Not only was medicine itself undergoing these changes in scientific beliefs in training, becoming too atheistic or agnostic in appearances along the way, so too were the earliest fields devoted to the study of human behavior and psychology now developing along a similar route of change due to this sociomedical split. Religious and galenic cures were being replaced by natural philosophy cure. Whereas during the past several decades, remnants of the old humoral theory, the philosophy of brunonianism (atoms migrate and move= the body depends on nervous energy), and the focus on the four temperaments regarding human behavior predominated the medical and early human psychology field, new philosophies related to physiognomy and phrenology came to rule during the early to mid-1800s. The notion that someone was very biliary, sanguine or melancholic in nature was soon replaced by a more detailed physical interpretation of the head and face, with specific measurements taken in order “read the bumps on one’s head” to define these behavioral differences.

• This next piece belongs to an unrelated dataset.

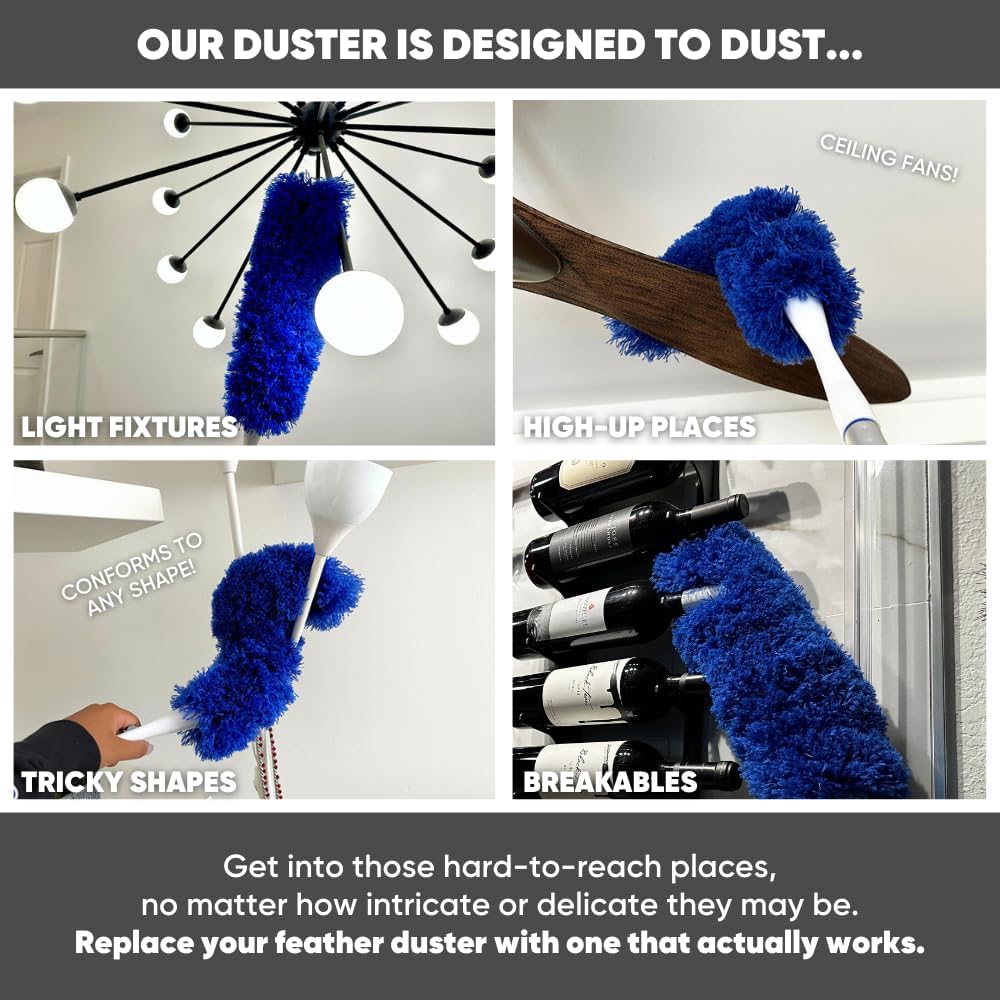 2 Pack of Microfiber Flexible Dusters with Heavy Duty Extension Pole | 5' Reach | Clean Ceiling Fans, Cobwebs, Light Fixtures, Delicate Objects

Until the late 1830s, these practices rarely captured the attention of many citizens. But by 1845, Orson Fowler’s Octagon House and Lorenzo Fowler’s teachings on phrenology were the fads of the year. From this point on, both of these teachings would continue to dominate the “irregular” or alternative medical profession for about a decade or two. This gave Lorenzo and Orson the opportunity to not only spread the word of their teachings, but also to promote various new fields of alternative medicine that were erupting due to this public change in thinking. As publishers, the Fowlers had much of their influence within the city of New York. As practitioners, it was the pastoral field setting between two small towns in upstate New York, Wappingers Falls and Fishkill, that led to the popularization of Fowler’s teachings and publications at a national level.
Old Post Road (currently Rte 9 approximately), between MacFarland Road (east side of Old Post) and Old Hopewell Road (cross road to the north of the Fowler properties). Map of Dutchess County, New-York. From Original Surveys, J. C. Sidney, C.E.. John E. Gillett, Publisher. Entered 1850 by Robert P. Smith in the Clerks Office of the District Court of the Eastern District of Pennsylvania. NOTE: many writers refer to this location as Fishkill, an error initiated by a revival of this piece of local history by another writer several decades back. Of course, us true locals know this is Wappinger Falls, and the town line for Wappingers-Fishkill is a tenth of a mile or so south of this location. P.S. My childhood house is halfway between the two dots beneath the ‘O.S.Fowler’ name, across from J. Light.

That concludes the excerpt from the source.